Given data ::
↓↓↓
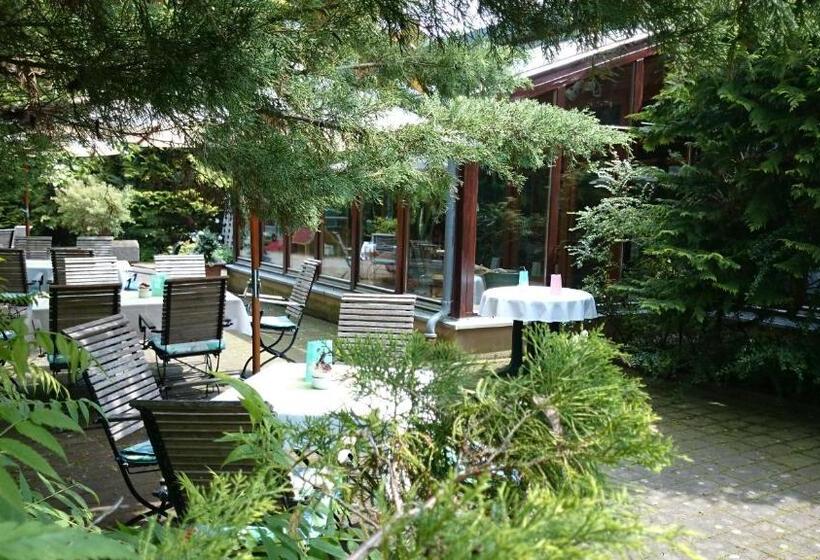 فندق Schneiderlein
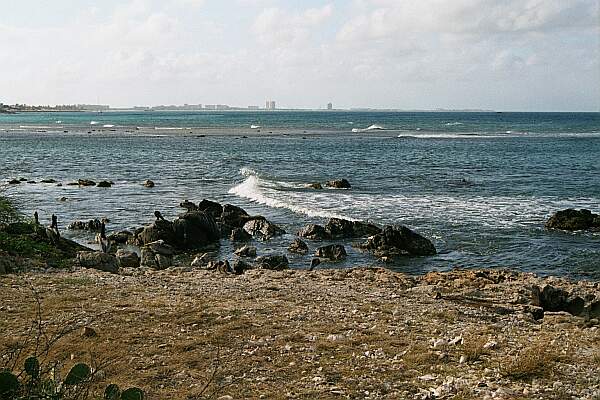 Shallow Reef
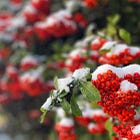 実現したいことを書き留めておく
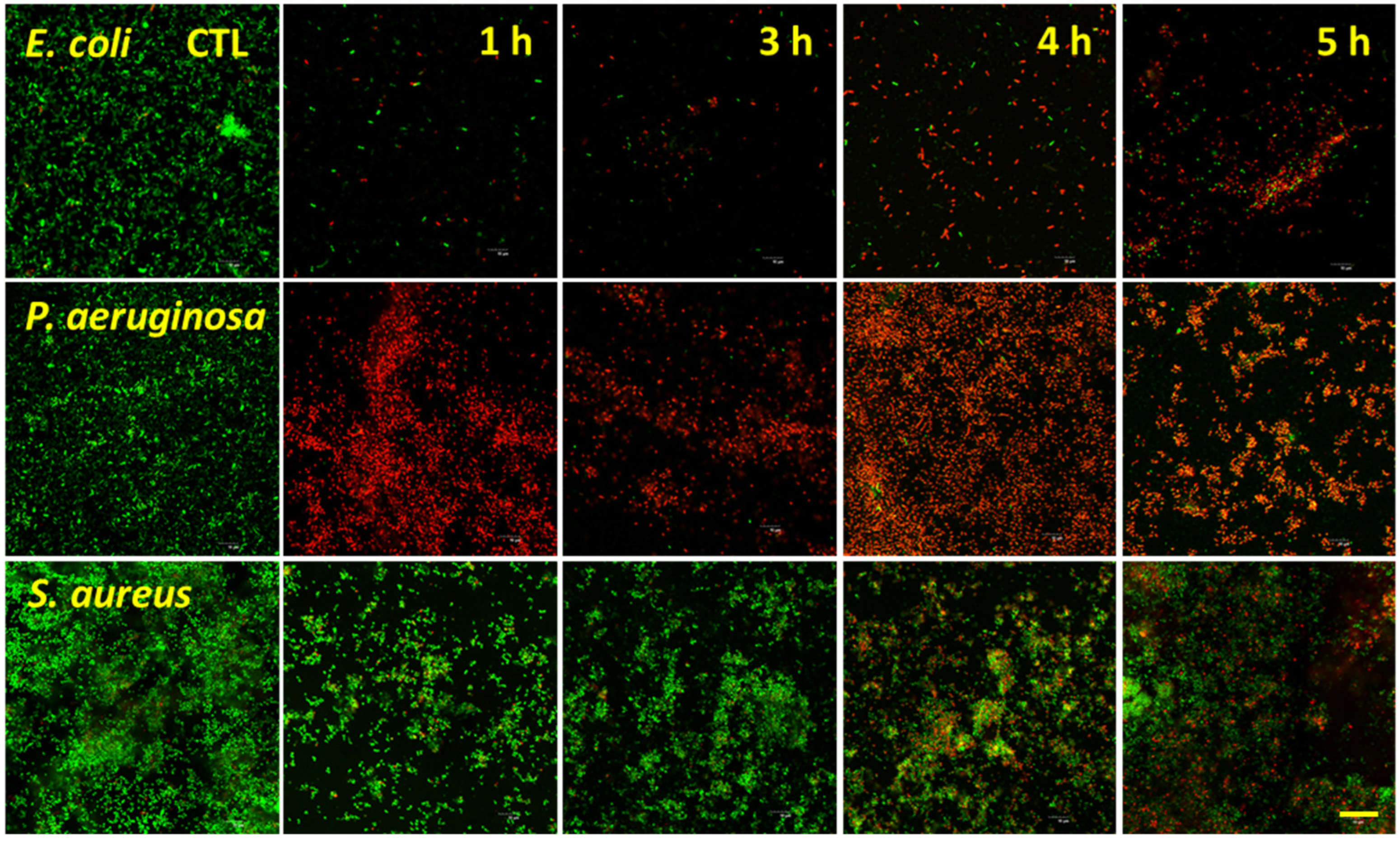 Nanomaterials 12 01140 g005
↑↑↑
Your task :: Everything in the listing is to be returned word for word, except the pictures.

Answer to this task ::
 فندق Schneiderlein
 Shallow Reef
 実現したいことを書き留めておく
 Nanomaterials 12 01140 g005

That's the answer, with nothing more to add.